01-21-2023, 11:30 PM
(01-21-2023, 12:17 PM)Frosted Wrote: [ -> ]I’m not sure if I’m experiencing OGSF TID or not because some shame has been coming up. But then again shame seems to be coming up along with the fear lately. I would say fear is my biggest problem followed closely by shame. I’m sure I have problems with guilt, it’s just way lower than fear and shame. I seem to have dealt with it better over the years of subs, cause I use to have a lot of guilting due to my mom’s toxic parenting.

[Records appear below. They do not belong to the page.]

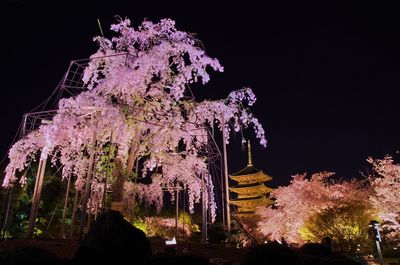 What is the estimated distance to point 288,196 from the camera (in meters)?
23.0

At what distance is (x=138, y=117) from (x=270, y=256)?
457 inches

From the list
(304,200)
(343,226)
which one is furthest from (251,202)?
(343,226)

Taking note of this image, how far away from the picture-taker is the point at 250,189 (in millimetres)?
44156

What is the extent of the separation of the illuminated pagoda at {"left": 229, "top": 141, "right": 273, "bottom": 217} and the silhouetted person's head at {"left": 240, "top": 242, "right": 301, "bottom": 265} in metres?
39.0

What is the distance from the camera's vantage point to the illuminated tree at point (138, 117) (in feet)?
43.4

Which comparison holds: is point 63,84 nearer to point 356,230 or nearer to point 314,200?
point 314,200

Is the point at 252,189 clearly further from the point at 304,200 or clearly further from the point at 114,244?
the point at 114,244

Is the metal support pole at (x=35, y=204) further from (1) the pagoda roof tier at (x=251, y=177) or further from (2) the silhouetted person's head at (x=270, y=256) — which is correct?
(1) the pagoda roof tier at (x=251, y=177)

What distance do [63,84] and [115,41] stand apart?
13.3ft

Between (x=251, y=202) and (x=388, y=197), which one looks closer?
(x=388, y=197)

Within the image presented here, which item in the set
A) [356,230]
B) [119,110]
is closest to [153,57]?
[119,110]

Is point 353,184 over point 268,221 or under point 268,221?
over

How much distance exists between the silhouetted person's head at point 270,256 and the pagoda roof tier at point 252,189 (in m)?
41.7

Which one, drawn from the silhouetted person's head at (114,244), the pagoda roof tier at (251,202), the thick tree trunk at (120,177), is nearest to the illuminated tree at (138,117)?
the thick tree trunk at (120,177) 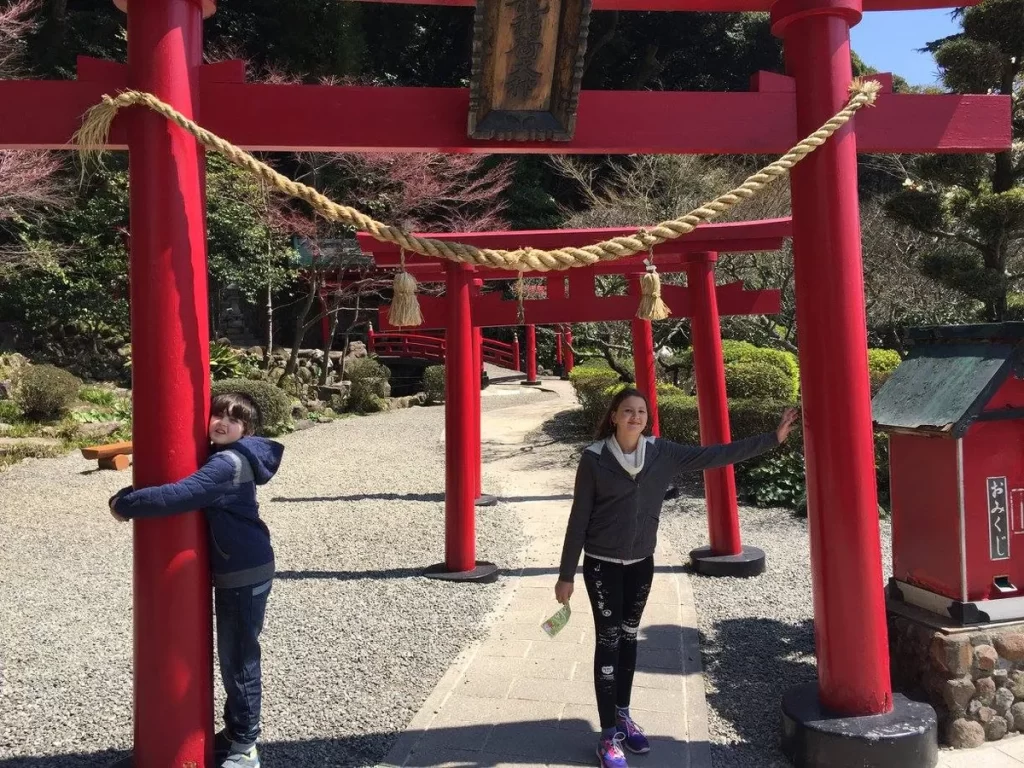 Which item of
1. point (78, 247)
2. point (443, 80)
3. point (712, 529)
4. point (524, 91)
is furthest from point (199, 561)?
point (443, 80)

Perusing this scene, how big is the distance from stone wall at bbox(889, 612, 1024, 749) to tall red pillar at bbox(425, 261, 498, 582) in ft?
9.47

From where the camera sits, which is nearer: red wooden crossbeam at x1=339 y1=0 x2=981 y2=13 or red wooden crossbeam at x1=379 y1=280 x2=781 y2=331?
red wooden crossbeam at x1=339 y1=0 x2=981 y2=13

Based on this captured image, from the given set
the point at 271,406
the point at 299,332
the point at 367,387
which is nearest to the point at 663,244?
the point at 271,406

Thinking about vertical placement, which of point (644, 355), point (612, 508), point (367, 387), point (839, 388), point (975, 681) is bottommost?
point (975, 681)

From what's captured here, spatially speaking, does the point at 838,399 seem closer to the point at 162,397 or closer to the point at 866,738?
the point at 866,738

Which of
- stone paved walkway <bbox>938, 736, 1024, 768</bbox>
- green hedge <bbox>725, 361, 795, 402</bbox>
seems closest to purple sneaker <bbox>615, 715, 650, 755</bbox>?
stone paved walkway <bbox>938, 736, 1024, 768</bbox>

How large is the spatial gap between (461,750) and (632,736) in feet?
2.04

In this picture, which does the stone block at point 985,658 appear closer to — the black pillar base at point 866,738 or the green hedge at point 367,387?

It wouldn’t make sense for me to be experiencing TID yet since I don’t plan to run OGSF till I finish my 7 months of OF and I still have about 2 months (1.5 without a two week break) till I’ll be running it. Unless TID can suddenly hit 2 months in advance it’s likely just shame entangled with the fear, which seems to be the case for a lot of the fear I’ve been dealing with lately.
For example in school a lot I would disrupt class with jokes and some of the time my classmates would ridicule me or the teacher would punish me. This would result in a mixture of shame and fear.
I’m excited as hell for my OGSF run. I’ve already made so much progress on OF4, but it’s not enough. I want more. I can’t live like I’ve been living, I need to get to the root of my problems.
Frosted, Me too Man, I know exactly what you mean!
I've come A long way with OF,as well ,and I ,too, want to get to some even deeper root causes,as such , I must. I can't continue as it has been, it's just too friggin much !!
Gawd, can I relate!! For Me, by the time I actually start out on the OGSF Journey , it will have been 7 months in total. OGSF , I'm READY for it, too! Great post man and much furthered progress!!